Scared To Death (Live to Tell #2)(88)
“I know I did, but I can’t help it. I’m just nervous after everything that’s happened.”
“So am I.” Brett fingers the envelope of pictures. He’s been going over them with a magnifying glass, looking for…
Well, he doesn’t know, exactly. Some kind of clue to when they were taken, maybe?
“Maybe we should call the agency and double-check.”
He looks up at Elsa to find her holding the phone. “I don’t know…you don’t want to rock the boat over there right now, do you? And she had ID.”
Melody offered her credentials the moment he opened the door. Her photo on her agency identification card was unmistakably her, and the card itself was the same as Roxanne and the other employees carried.
Besides, there was something familiar about her. Brett is certain he’s seen her before, probably at the agency.
“Look, chances are everything’s fine.”
“I know, but…” Elsa shakes her head. “I just have this feeling…I’m worried anyway.”
“About the caseworker?”
“About everything.”
“Look, we know who did this.” He waves the envelope of photos. “It wasn’t Melody Johnson. It was Marin Quinn.”
Yet even as he utters her name, Brett feels a twinge of misgiving.
Again, he thinks of Mike Fantoni. If his death had anything to do with their case—and Marin Quinn couldn’t have been in Boston at the time—then there could be someone else out there. Someone who wanted to keep Mike from going to Mumbai. Someone who wants to hurt them.
Hurt Renny.
Why the hell didn’t he think things through more carefully before sending his daughter away with a stranger?
Calm down. Be rational here.
Melody Johnson isn’t really a stranger. She’s familiar, even if they haven’t officially met her before. She’s a social worker. Renny’s social worker.
Anyway, we did the same thing with Roxanne, and with Peggy and Michelle who came before her. We met them, and then we let them meet alone with Renny. It’s fine. This is how the system works. This is how it worked when we adopted Jeremy, too.
Jeremy…
No, don’t think about what happened to Jeremy.
Anyway, he and Elsa really had no choice. A parent who acts rattled by an unannounced home visit or refuses to allow the child out of their earshot is just begging for trouble. At the very least, a closer look at the household—and what would be found, in this case?
Nothing we want anyone there to know about.
Still…his little girl is out there with a woman they’ve never met.
A woman whose first introduction to the case came by way of a Post-it note stuck to the front door. It’s not out of the realm of possibility, given the way the agency operates, but…
“Go ahead,” Brett tells Elsa abruptly. “Call the agency. Just…be careful what you say.”
Caroline has ridden the train before. When Daddy was campaigning, he insisted that they take public transportation sometimes. He said it looked good to the voters.
But it’s different today, sitting here by herself—no Daddy to make things fun, no Mom to put a damper on it, no Annie to get up Caroline’s butt every two seconds, no security guards or campaign aides, no photographers or chatty constituents.
It’s just me.
Caroline expected to find the freedom exhilarating, but instead, it’s kind of…well, lonely, sitting here in a double seat by herself, watching the scenery fly by in a blur.
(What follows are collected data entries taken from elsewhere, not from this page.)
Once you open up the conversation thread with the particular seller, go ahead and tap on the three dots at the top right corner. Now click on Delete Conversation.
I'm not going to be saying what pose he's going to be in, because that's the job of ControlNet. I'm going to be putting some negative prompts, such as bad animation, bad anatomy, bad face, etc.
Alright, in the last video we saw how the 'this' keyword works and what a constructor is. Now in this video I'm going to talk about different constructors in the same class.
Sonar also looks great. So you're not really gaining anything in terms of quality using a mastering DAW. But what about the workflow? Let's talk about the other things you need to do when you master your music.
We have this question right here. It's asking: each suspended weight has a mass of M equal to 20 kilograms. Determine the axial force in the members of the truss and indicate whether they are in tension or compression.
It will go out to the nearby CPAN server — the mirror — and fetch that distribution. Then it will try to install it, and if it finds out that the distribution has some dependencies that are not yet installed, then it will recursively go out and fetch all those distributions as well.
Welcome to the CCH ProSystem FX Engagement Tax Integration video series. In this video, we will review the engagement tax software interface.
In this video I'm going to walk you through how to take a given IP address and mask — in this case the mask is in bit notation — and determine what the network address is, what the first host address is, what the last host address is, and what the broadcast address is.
Lonely, and a little scary.
Not because of the high speed, or anything. That doesn’t bother her.
No, she’s just feeling like something is wrong, and she can’t put her finger on it.
For some reason, she keeps thinking about that rat in her bag; remembering how one minute, she was sitting there at the table with Jake and everything was fine; the next, she was screaming bloody murder.
At the table with Jake…
Jake.
She knows he didn’t do it.
If she thought he had, she wouldn’t be going up to Boston to see him, right?
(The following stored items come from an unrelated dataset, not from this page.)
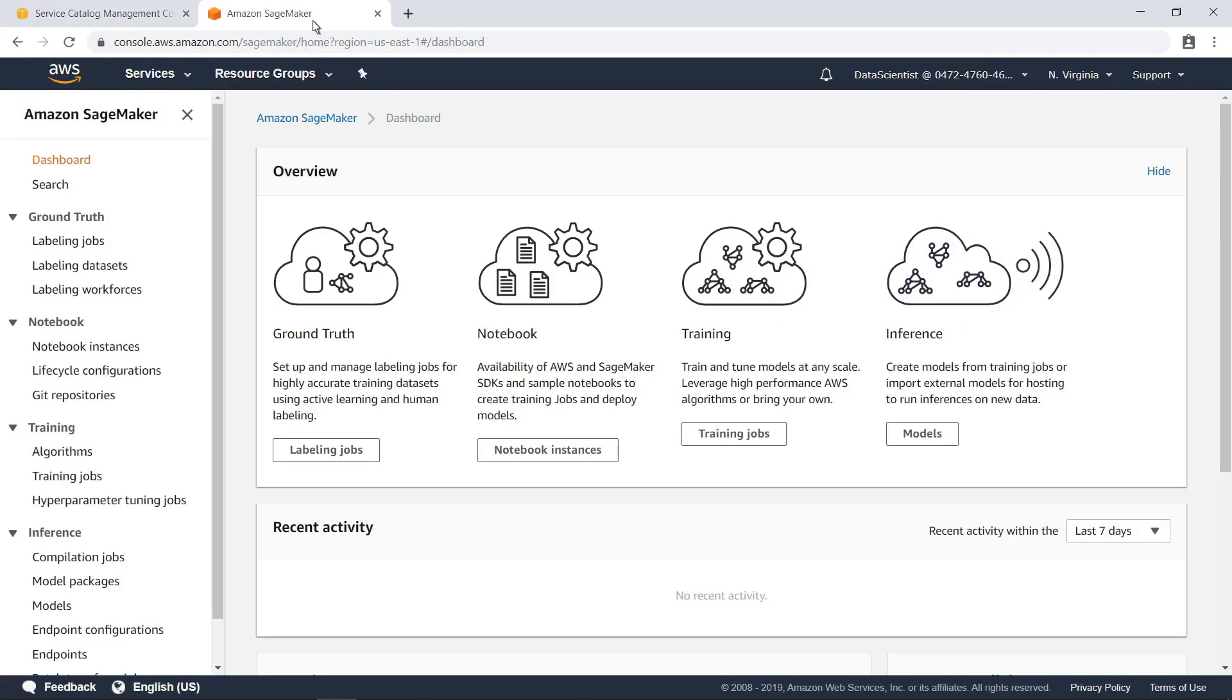Amazon SageMaker provides every developer and data scientist with the ability to build, train, and deploy machine learning models quickly. SageMaker is a fully managed service that covers the entire machine learning workflow to label and prepare data, choose an algorithm, train the model, tune and optimize it for deployment, make predictions, and take action.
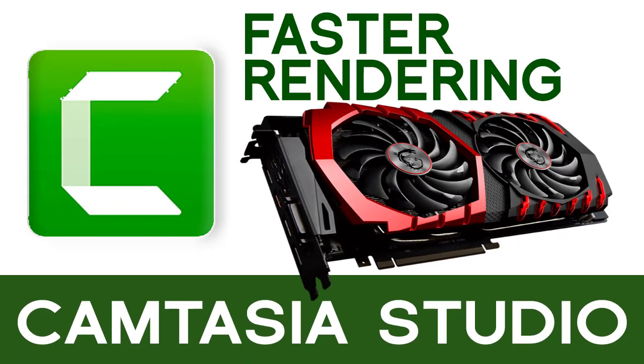In this video, I will show you how to change the settings in Camtasia to enable GPU or graphic processing card for faster video rendering.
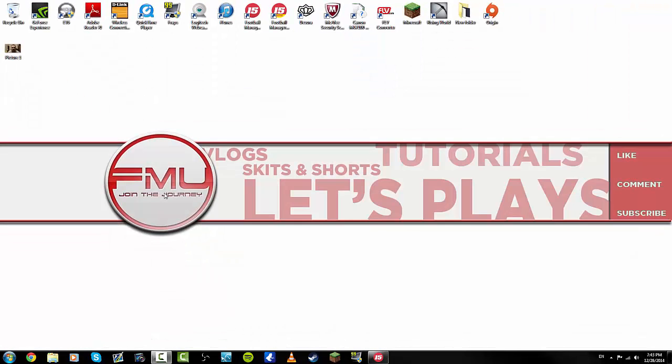What is going on guys? FMU here. I have decided to do a quick little tutorial on how to edit and upload a picture of yourself as a manager to Football Manager 15 during a current save. So it's very simple. I'm going to show you how to do it with Photoshop and GIMP. First things first, let's head over to Photoshop.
Right. He’s a good guy. You like him. And he likes you, too.
If he didn’t, he wouldn’t have told her to come, right?
Right.
But then again…
Did you really give him much choice? You sort of invited yourself, don’t you think?
Um, sort of?
Face it. You did invite yourself.
But he didn’t say no.
He sounded like he wanted to, for a minute. But then he seemed to think it over, and he got into the idea. He’s even going to meet her at the station.
Everything’s going to be fine. Maybe she’ll stay in Boston with Jake, or they’ll go out to California together or something—someplace where they can surf—and they’ll live happily ever after, and she’ll never have to see her mother or Annie again.
She thinks things like that all the time, yet today, the thought is oddly disquieting.
Okay, so maybe she will see them again.
Who knows? Maybe someday, she’ll even want to.
She pictures herself introducing her mother to Jake, and smiles. Mom would probably like him.
Waiting for her call to be routed through the agency’s automated phone system, Elsa can feel an irrational wave of panic building in the pit of her stomach.